Data for analysis:
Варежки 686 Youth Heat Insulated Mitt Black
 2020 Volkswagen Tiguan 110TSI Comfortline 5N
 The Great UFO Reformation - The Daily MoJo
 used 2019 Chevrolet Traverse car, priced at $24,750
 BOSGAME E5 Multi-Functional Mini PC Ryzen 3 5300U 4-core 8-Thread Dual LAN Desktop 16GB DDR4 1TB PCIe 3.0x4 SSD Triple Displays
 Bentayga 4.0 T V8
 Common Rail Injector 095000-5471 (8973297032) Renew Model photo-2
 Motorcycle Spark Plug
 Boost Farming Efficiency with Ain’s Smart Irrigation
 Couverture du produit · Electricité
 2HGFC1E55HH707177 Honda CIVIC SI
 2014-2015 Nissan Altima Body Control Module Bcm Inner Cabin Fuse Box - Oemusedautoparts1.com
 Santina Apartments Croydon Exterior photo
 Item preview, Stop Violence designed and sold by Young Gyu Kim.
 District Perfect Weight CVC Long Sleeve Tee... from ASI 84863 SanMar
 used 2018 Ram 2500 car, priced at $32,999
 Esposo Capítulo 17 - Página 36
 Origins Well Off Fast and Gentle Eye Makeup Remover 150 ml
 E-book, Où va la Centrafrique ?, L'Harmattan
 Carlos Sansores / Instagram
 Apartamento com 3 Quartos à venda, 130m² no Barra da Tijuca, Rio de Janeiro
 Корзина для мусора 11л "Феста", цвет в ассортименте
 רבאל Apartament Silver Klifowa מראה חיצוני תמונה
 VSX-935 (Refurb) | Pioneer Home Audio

Work instructions: Word for word, copy the line containing "רבאל Apartament Silver" and each line after it to the end of the records, and nothing besides.

Exercise output:
 רבאל Apartament Silver Klifowa מראה חיצוני תמונה
 VSX-935 (Refurb) | Pioneer Home Audio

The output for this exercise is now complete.